Tüm bu makroekonomik belirsizliklerin yanında son yıllarda akademik çevrelerde çokça tartışılan ve Benoit B. Madelbrot’un başını çektiği bir grup akademisyen tarafından şiddetle eleştirilen finansal aktif değerleme modelleri (CAPM), risk kavramı ve riskin belirlenmesinde kullanılan modellerin etkinsizliği de göz önünde bulundurulduğunda 2001 krizi sonrası geçekleşen finansal bazlı büyümenin 1999 depremi sonrası kumdan zemin üzerine inşa edilen gökdelenlerden farkı bulunmamaktadır.

Benzer günü kurtarma stratejileri yavaşlayan Amerikan ekonomisinin devinimini sağlamak için kullanılıp 2008 Küresel Finans Krizi çıktığında 82 yaşındaki Greenspan kendisinin ekonomiyi algılama modelinde de bir “yanlışlık” olduğunu kabul etmiş ve “40 yıldan fazla süredir bu sistemin iyi çalıştığını zannediyordum” diye konuşmuştu.
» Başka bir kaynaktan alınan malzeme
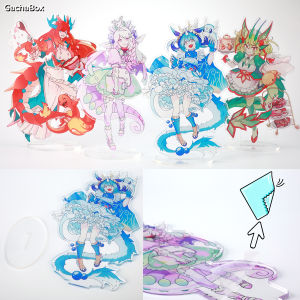 15cm PKM Ernus Kitchen Parlor Laundry Dragonmaid Anime Figure Acrylic Stand Action Yoguoh YGO Card Cute Ornament Decoration Gift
Ayrıca Greenspan, bazı ekonomistlerce, “gevşek kredi verilmesini” cesaretlendirecek şekilde, görev döneminin sonlarında faiz oranlarının çok düşük tutulmasından dolayı da eleştirilmişti.

Sağlıklı beslendiği varsayılan gelişmiş ülkelerin göz önünde bulundurulması gereken bir başka konu ise Egemen Servet Fonlarıdır (SWF). Egemen Servet Fonları’nın son yıllardaki gelişimi obezitenenin yönünü değiştirebilir mi? Egemen Servet Fonları’ndaki bu ani artış gelişmekte olan ülkelerin ihracat performanslarına bağlı oluşan döviz rezervlerinin doğal bir ürünü iken bu Egemen Servet Fonları CAPM tipi bir yatırımcı gibi davranış göstermeye başlarsa bunun yan etkileri ne olur? G8 Ülkeleri’nden ABD, Kanada ve Rusya’nın oluşturduğu fonlar Orta Doğu, Suudi Arabistan ve Uzak Doğu ülkeleri ile karşılatırıldığında çok mütevazi miktarlardadır.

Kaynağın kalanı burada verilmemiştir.